File, Thomas M. Jr MD
The Infectious Diseases Society of America (IDSA) and the American Thoracic Society (ATS) have collaborated to release a new guideline for the treatment of community-acquired pneumonia (CAP) in adults.1 This new updated guideline is an important achievement because it represents a consensus of both societies. In the past, there were 2 sets of guidelines which were basically similar; however, differences, both real and perceived, between the 2 guidelines had led to some confusion. This joint guideline reduces potential confusion or interpretation now that there is one agreed-upon guideline.
The new guideline incorporates several changes from prior North American guidelines and includes a simpler assessment tool for site-of-care decision, changes in diagnostic recommendations, elimination of a specific time to the first dose of antimicrobial therapy, a simplification of patient stratification (especially for outpatients), shorter course therapy for most patients, and the recognition of the potential for community-acquired methicillin-resistant Staphylococcus aureus (CA-MRSA) as a cause of CAP (especially of severe CAP).
Although evidence based, the authors of the guideline strongly urge that deviations from these guidelines should not necessarily be considered substandard care, particularly if variance to a recommendation is based on specific patient considerations (eg, known exposure to a specific pathogen or recent travel to an area of endemic infection). I will briefly summarize several of the changes from the prior guideline in this review. Specific recommendations are graded as to the strength of recommendation (weak, moderate, or strong) and the level of evidence (I-III, I being the strongest).
* Severity-of-illness scores, such as the CURB-65, or prognostic models, such as the Pneumonia Severity Index, can be used to identify patients with CAP who may be candidates for outpatient treatment (strong recommendation, level I evidence).

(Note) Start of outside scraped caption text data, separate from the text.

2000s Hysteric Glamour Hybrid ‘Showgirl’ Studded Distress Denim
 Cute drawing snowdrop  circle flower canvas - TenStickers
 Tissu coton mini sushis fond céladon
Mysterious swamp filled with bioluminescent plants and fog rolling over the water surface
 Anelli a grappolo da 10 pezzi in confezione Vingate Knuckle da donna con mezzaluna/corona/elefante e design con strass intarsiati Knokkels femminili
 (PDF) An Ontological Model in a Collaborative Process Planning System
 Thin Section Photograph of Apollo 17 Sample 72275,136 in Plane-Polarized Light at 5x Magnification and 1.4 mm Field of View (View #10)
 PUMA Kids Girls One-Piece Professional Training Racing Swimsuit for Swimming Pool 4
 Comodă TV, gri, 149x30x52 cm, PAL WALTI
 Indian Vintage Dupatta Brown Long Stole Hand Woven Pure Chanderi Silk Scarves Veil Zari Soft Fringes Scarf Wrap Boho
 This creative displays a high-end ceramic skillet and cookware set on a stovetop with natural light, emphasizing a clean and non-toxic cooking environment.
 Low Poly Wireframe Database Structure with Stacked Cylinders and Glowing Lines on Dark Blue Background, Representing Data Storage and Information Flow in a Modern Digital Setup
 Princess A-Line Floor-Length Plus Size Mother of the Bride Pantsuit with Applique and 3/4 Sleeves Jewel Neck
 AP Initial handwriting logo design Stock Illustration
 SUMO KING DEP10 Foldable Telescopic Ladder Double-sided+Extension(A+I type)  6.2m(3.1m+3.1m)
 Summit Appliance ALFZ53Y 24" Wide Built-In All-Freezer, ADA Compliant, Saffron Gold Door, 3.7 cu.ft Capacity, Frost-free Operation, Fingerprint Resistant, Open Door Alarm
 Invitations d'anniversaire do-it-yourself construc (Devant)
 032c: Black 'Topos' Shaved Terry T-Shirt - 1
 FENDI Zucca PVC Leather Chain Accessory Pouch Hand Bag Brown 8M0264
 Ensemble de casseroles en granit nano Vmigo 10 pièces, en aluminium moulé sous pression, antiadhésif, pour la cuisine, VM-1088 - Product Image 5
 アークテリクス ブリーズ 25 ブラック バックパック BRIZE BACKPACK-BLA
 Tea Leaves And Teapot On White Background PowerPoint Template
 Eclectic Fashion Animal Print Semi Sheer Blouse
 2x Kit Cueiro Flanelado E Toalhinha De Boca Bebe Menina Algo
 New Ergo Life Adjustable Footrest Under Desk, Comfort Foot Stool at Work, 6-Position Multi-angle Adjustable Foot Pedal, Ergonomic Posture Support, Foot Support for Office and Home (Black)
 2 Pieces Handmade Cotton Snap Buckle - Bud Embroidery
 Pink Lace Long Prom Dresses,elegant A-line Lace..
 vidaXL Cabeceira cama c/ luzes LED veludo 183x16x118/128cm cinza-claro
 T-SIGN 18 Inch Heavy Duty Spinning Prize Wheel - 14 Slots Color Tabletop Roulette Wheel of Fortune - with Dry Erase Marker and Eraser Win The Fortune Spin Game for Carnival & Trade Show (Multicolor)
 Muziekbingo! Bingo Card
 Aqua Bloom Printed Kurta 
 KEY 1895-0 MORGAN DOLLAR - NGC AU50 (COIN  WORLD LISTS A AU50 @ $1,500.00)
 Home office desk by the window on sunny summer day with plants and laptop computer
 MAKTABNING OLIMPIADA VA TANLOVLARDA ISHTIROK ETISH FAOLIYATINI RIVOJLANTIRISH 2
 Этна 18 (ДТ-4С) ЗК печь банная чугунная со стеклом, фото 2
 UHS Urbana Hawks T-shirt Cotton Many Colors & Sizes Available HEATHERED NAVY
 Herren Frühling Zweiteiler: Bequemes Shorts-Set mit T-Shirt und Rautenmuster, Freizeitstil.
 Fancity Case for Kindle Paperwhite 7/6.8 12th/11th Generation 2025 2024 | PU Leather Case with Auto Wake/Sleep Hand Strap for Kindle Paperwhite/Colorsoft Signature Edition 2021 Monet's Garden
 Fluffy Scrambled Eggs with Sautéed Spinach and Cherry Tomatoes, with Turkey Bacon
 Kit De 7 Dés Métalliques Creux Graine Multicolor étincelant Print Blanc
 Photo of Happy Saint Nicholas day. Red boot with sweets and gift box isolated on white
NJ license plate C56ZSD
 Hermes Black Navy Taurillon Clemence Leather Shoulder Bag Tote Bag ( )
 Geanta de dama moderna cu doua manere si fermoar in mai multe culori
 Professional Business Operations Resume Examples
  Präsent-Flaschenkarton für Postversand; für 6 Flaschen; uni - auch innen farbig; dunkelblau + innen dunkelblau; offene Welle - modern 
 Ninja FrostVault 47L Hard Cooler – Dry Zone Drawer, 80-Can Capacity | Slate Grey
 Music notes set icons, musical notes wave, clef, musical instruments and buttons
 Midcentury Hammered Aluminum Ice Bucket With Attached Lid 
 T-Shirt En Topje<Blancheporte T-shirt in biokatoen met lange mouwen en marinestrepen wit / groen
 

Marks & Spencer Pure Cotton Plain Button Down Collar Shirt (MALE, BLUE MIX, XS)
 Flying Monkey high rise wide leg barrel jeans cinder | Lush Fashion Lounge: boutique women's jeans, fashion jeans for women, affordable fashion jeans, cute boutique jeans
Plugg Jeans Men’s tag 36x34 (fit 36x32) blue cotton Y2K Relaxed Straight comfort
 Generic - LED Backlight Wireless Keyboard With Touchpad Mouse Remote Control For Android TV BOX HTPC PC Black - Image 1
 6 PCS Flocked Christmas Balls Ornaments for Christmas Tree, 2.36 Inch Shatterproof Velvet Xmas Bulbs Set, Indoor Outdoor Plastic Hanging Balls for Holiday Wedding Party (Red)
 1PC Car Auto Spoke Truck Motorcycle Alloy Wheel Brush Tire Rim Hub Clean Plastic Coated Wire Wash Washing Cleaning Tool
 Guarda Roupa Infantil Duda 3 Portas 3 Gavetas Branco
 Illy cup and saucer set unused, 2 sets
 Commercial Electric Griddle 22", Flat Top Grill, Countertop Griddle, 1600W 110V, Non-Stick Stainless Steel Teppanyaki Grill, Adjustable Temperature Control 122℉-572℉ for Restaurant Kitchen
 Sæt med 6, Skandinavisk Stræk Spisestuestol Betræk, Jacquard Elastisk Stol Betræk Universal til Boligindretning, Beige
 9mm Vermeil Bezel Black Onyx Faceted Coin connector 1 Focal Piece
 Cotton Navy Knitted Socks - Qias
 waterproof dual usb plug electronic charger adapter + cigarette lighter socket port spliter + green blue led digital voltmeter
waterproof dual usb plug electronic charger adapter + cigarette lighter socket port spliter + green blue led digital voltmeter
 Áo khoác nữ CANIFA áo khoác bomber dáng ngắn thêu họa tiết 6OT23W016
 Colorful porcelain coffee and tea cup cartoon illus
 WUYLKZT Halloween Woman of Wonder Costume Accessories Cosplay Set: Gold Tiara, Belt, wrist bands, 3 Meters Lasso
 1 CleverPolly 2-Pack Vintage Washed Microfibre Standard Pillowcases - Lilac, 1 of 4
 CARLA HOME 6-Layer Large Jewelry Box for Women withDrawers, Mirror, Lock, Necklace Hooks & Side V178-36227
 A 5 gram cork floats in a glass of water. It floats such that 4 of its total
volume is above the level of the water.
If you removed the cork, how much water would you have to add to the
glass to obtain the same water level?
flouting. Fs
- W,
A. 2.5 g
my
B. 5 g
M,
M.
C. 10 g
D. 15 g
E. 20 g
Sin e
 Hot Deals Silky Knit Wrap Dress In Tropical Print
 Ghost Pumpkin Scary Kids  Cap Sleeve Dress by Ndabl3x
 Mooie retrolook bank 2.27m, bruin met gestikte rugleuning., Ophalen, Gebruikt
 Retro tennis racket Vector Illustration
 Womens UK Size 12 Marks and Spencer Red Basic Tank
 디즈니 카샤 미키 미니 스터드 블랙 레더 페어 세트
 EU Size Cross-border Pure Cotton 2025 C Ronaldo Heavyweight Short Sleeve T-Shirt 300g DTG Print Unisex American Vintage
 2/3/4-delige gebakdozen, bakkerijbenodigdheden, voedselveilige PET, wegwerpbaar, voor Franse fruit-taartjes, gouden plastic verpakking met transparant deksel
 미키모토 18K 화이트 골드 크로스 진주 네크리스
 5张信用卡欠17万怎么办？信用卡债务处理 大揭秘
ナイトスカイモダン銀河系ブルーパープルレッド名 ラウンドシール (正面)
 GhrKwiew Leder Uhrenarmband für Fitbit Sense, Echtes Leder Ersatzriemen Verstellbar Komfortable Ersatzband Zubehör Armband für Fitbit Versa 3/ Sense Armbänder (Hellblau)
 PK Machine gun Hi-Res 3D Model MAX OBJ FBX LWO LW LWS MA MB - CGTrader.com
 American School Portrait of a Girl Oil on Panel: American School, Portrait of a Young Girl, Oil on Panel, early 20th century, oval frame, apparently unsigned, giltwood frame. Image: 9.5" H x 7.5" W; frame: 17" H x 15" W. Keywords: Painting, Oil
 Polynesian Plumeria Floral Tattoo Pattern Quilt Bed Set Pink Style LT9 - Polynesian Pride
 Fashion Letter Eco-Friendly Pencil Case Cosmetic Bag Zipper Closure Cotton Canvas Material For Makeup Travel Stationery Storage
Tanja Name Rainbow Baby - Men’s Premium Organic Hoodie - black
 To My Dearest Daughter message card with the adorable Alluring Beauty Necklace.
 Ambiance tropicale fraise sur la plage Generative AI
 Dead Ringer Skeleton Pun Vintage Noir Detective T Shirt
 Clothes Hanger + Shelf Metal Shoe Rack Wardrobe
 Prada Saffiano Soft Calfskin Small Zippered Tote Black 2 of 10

A key decision facing the clinician is whether to hospitalize the patient with CAP. A general consensus is that the majority of patients can be safely treated as outpatients. However, selected patients should be hospitalized based on the requirements of care (ie, need for close observation, respiratory support, intravenous antibiotics, or other concerns). This decision has impact on the extent of diagnostic testing as well as the choice of empirical antimicrobial therapy. The advantages of not hospitalizing patients for CAP are considerable and include decreased cost, patient preference, and avoidance of iatrogenic complications in the hospital. For elder patients, particularly, a reduction in immobilization (ie, time in a hospital bed) time can facilitate better convalescence.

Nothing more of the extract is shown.